Like TD and others here, I've never liked her stand on the war. I still think at some level she knows better, but it's a level she doesn't get to anymore. I think she sees being hawkish as the safest move for her, and she is nothing if not safe.

Still, all that notwithstanding, I figured I would wait out the primaries and then support the Democratic nominee, whoever that was. Obama, as I said, was my first choice, but they all seemed fine to me and I could've voted for just about any of them.

That changed for me, specifically with respect to Clinton, after Iowa and even more before South Carolina. As I paid more attention to what the campaigns were doing, I became increasingly horrified by the tactics employed by the Clintons. (And yes, the plural is intentional.) I don't think the Clintons are racist, but they are cynical and power-crazed enough to exploit racism if that'll help them get votes.

And so much since that intial volley that is just flat out dishonest -- the whole thing with jumping all over Obama for his comments about Reagan and the "party of ideas" (notwithstanding their own comments in the same vein), the change you can xerox, the 35 years of experience, the commander-in-chief threshold, the NAFTA dustup, etc. etc.

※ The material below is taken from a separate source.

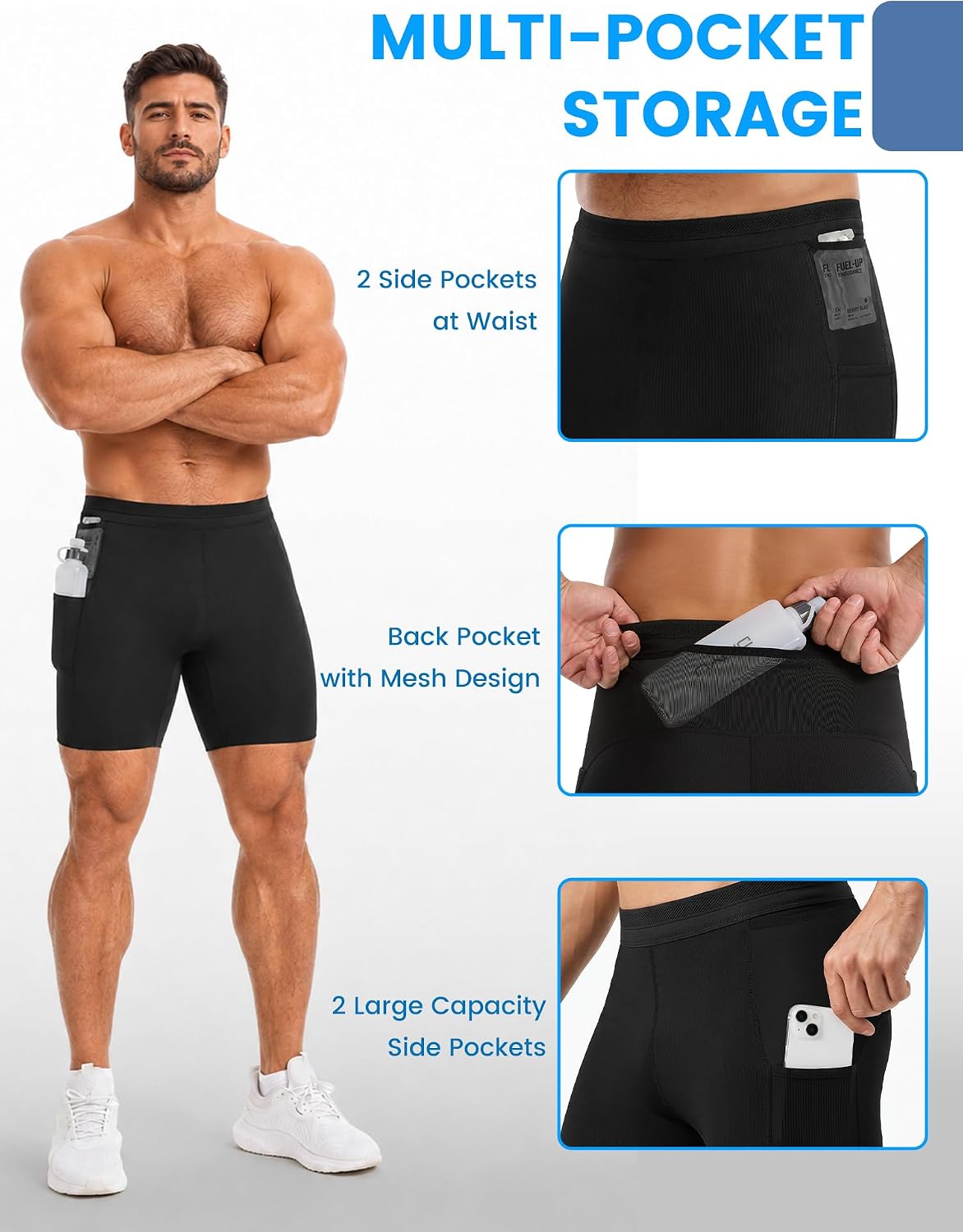 Men's Running Compression Shorts with Pockets 7" Lightweight Biker Shorts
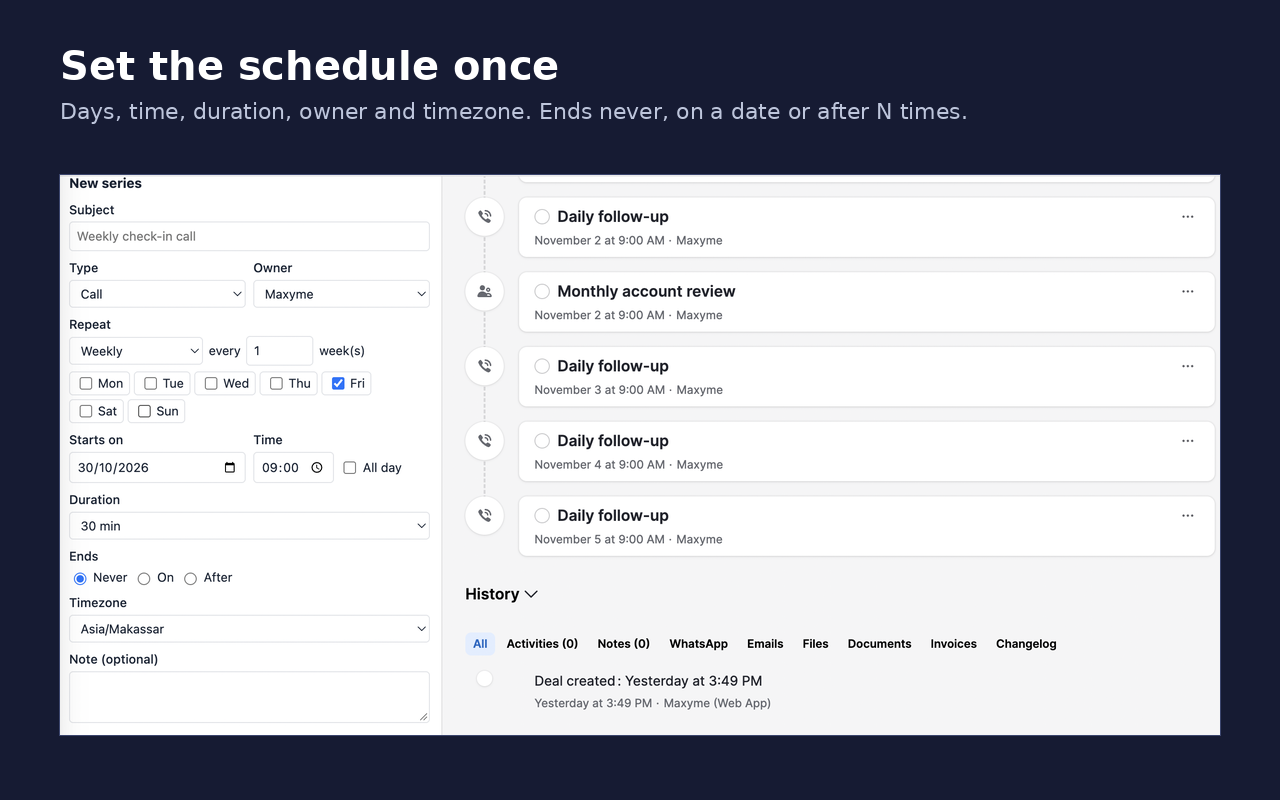 The New series form in Pipedrive: subject, type, owner, weekly repeat on Friday, start date, 09:00, 30 minute duration, ends never, timezone and note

Yes, yes, I know "politics ain't beanbag," blah blah blah. But there is just something so nasty about these people. Does anyone doubt the Clintons would destroy Obama and the Democratic party if she can't get the nomination? I sure don't.

So where does that leave those of us who feel like this if she gets the nomination? I sure don't know. Like many others here, I take elections and voting seriously. It's been eight disastrous years under Bush, and I think the description of McCain as "Bush without the self-control" sounds pretty accurate. It's hard to believe after Bush there's any damage left to do, but I think we all know better than that.

And yet, the thought of rewarding Hillary's behavior with my vote feels pretty sickening to me right now.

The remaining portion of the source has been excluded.